Class methods¶
Module storing the main Tensor class and related methods.
- class pygrad.tensor.Tensor(value: list | ~numpy.ndarray, label: str = '', dtype=<class 'numpy.float64'>, learnable: bool = True, leaf: bool = False, _prev: tuple = ())¶
The main Tensor object.
- property T: Tensor¶
Transposes self.value.
If self is 0 or 1 dimensional, no self is returned without modification.

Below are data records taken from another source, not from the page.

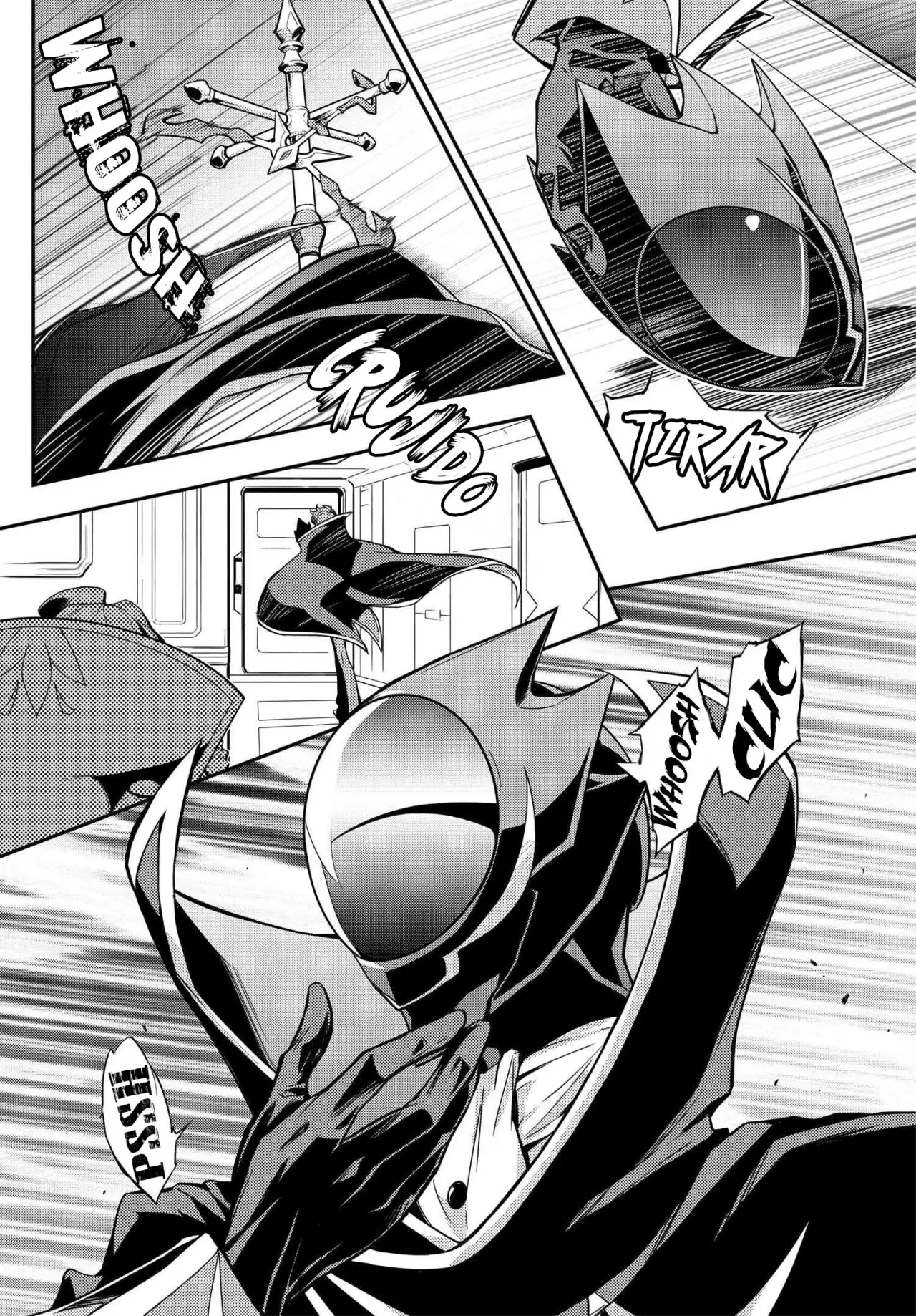 Code Geass: Lelouch of the Re; Surrection. (2020) - Capítulo 2 - Página 29 - LectorTMOo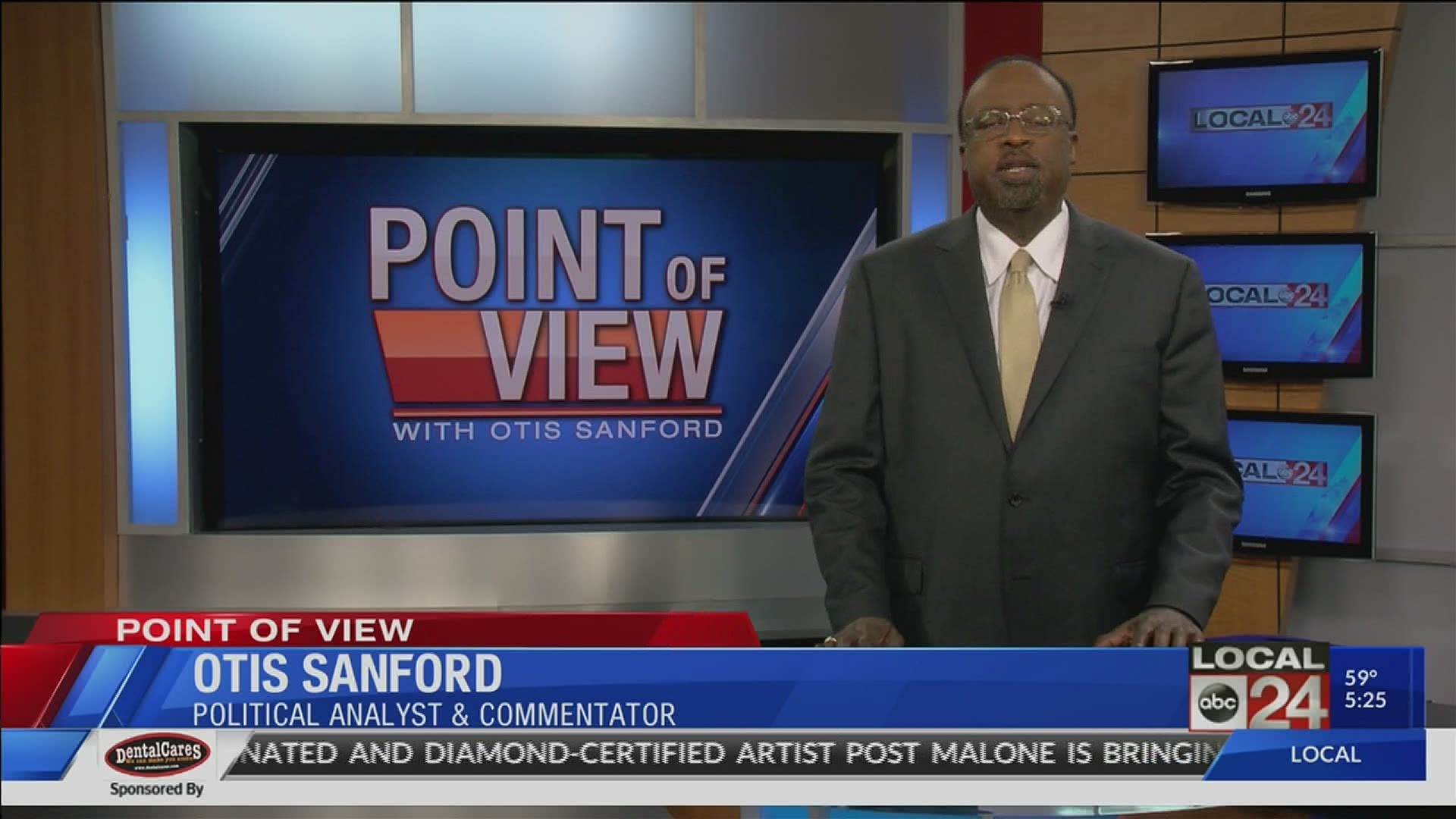 Local 24 News political analyst & commentator Otis Sanford shares his point of view on lawmakers meeting while Middle TN dealt with the aftermath of tornadoes.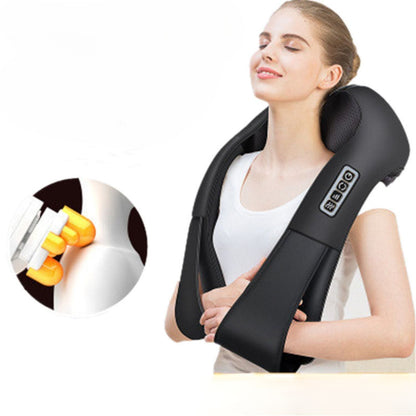 Nova Neck Massage™ | Øjeblikkelig lindring til nakke, skuldre og ryg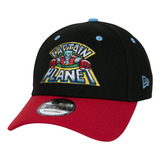 New Era Gorra Ajustable Captain Planet Logo 9forty, Varios C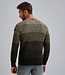 PME LEGEND Pull R-NECK GRADIENT PME LEGEND BELUGA MELANGE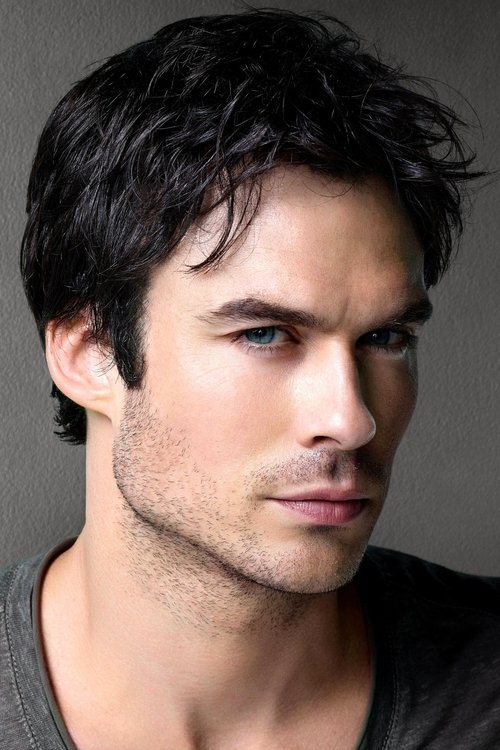 Zdjęcie Ian Somerhalder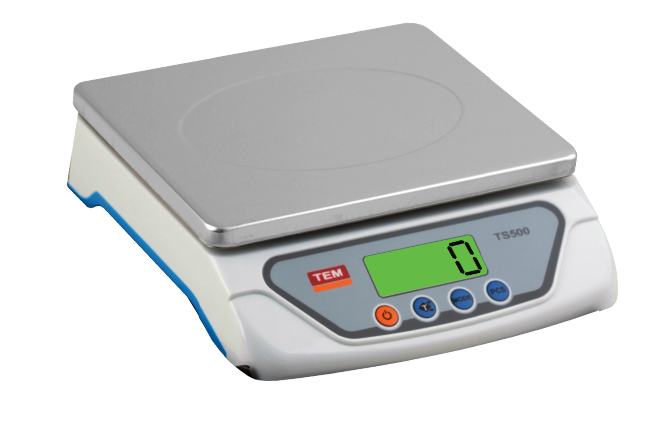 TS500 25 Kg. 1 Gr. Dijital Mutfak Terazisi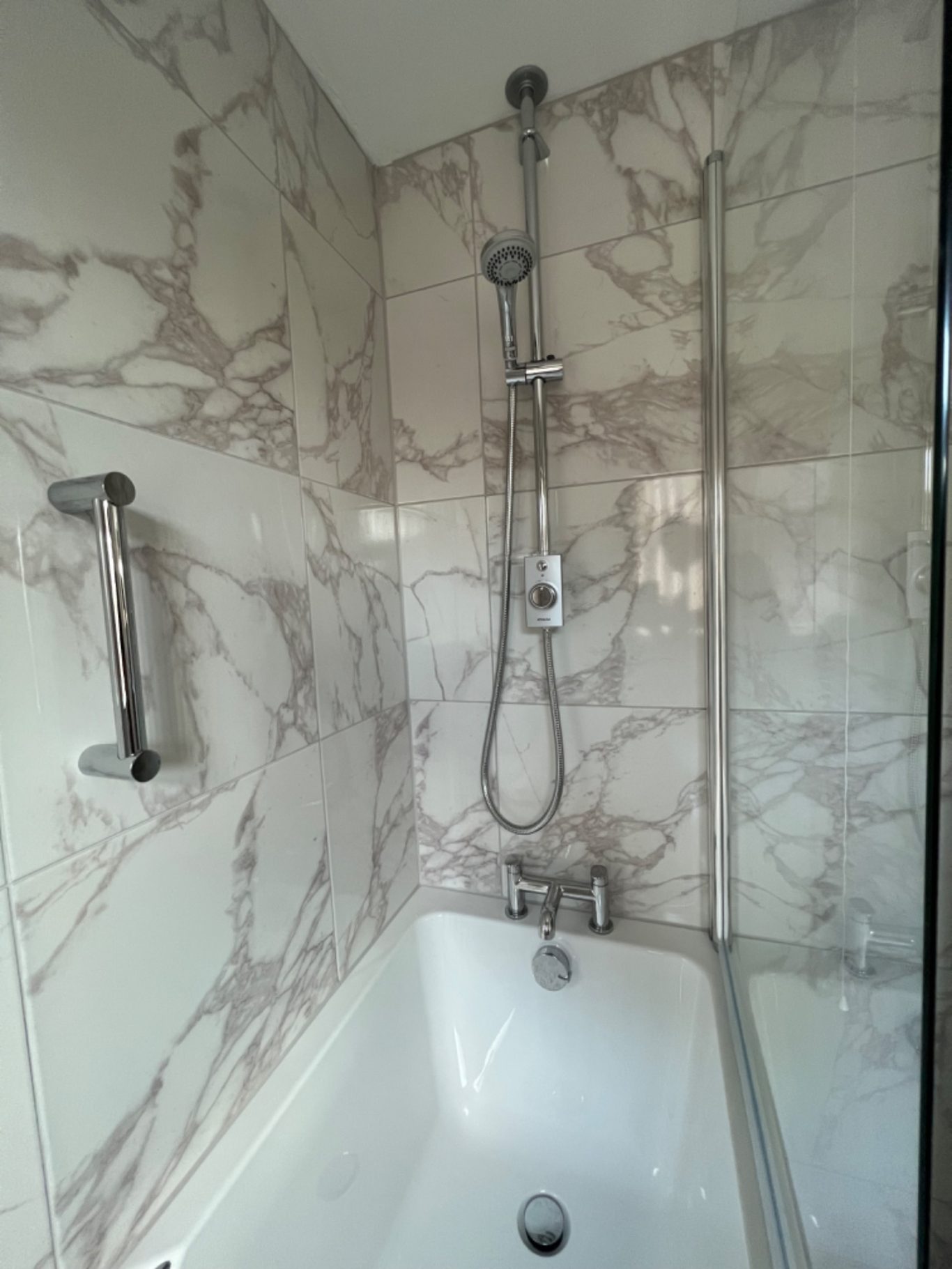 Bathroom installation in Abingdon by KG Plumbing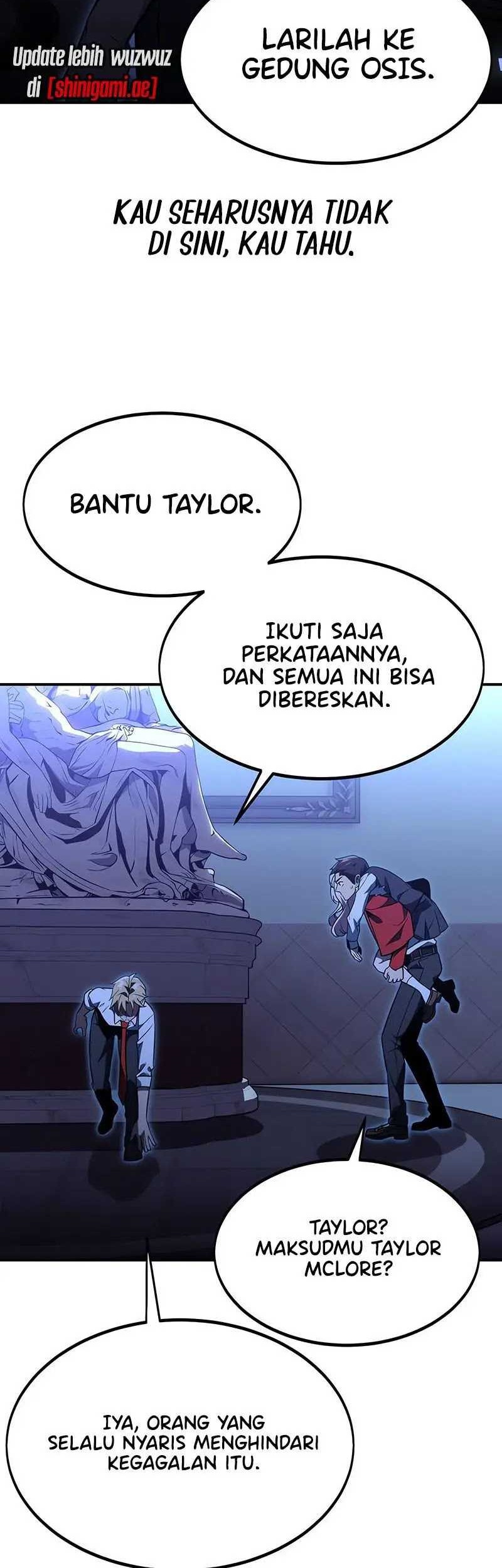 The Extra’s Academy Survival Guide Chapter 09 Gambar 77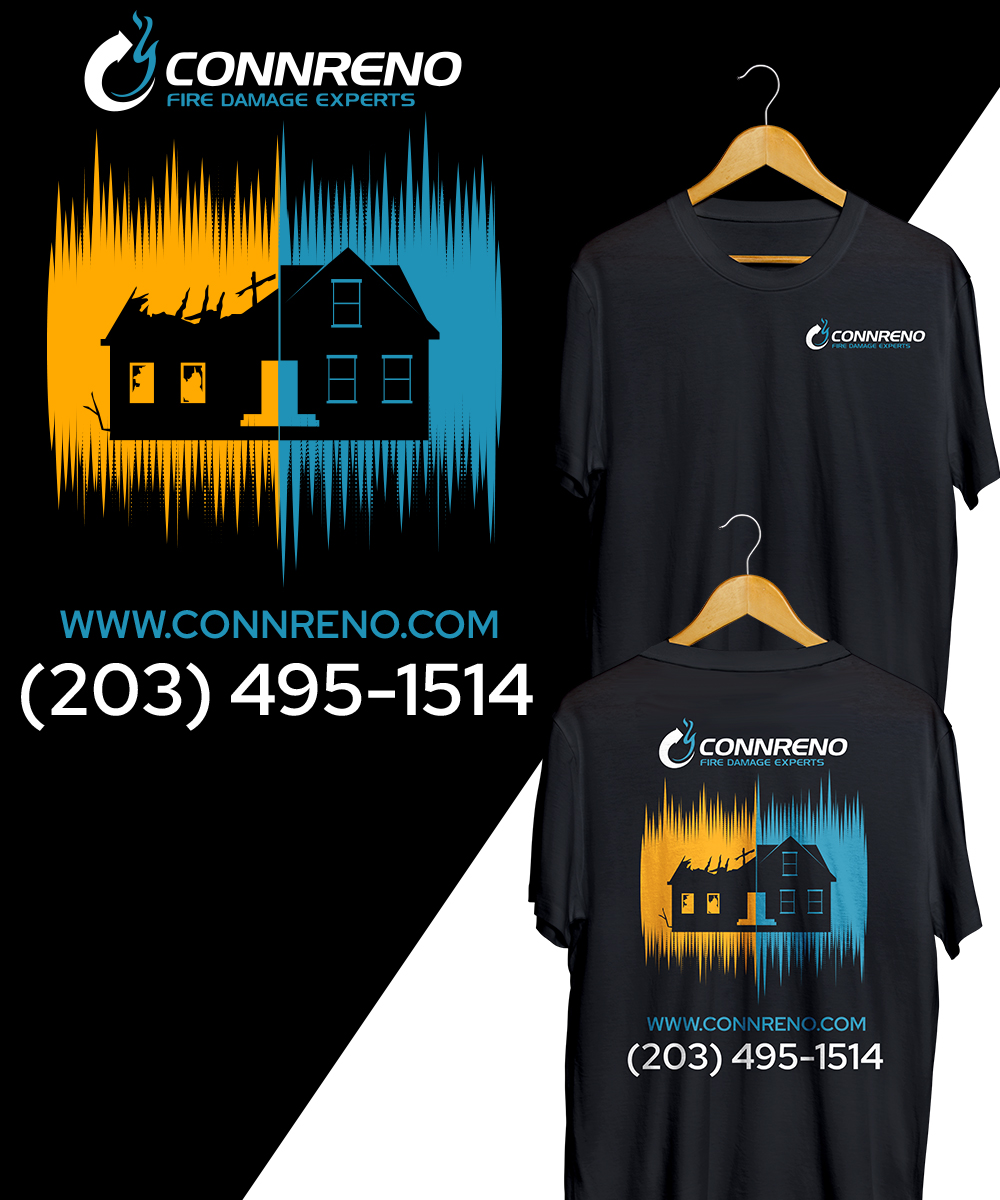 T-shirt Design by StudioD™ for this project | Design #35255722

Otherwise, the last two dimensions of self are flipped.
- __add__(other: int | float | integer | floating | ndarray | Tensor) Tensor¶
Performs self.Tensor + other, returning a new Tensor object.
- Parameters:
other ((int, float, np.integer, np.floating, np.ndarray, list, Tensor)) – the object to add with shape broadcastable to self.shape.
- __getitem__(idcs)¶
Fetches self.value[idcs]. Identical to NumPy syntax for fetching indices.
- __init__(value: list | ~numpy.ndarray, label: str = '', dtype=<class 'numpy.float64'>, learnable: bool = True, leaf: bool = False, _prev: tuple = ()) None¶
Initializes a Tensor.
- A Tensor at all times holds:
A value assigned to it indicating its value.
A gradient of the same shape as its value indicating its gradient.
A function indicating how to pass a gradient to its children Tensors.
A computational graph for all Tensors that eventually resulted in the Tensor.
Tensors store operations performed, allowing them to calculate the gradients of all Tensors in their computational graph via .backward().
- Parameters:
value (Is either a numeric value or a list/np.ndarray. Complex or boolean values are not supported. Value is automatically recast to dtype.) – The input Tensor value.
label – A string giving the Tensor an identifiable name. Defaults to “”.
dtype – The dtype to cast the input value. Must be one of np.bool, np.integer, np.floating.
learnable – Optional. A boolean indicating whether or not to compute gradients for _prev Tensors this Tensor has. Setting this to False means the computational graph will stop at this node. This node will still have gradients computed.
leaf – Optional. A boolean indicating if the Tensor is to be considered a leaf node in the computational graph. Leaf nodes will have gradients tracked, but won’t appear as a weight in self.weights.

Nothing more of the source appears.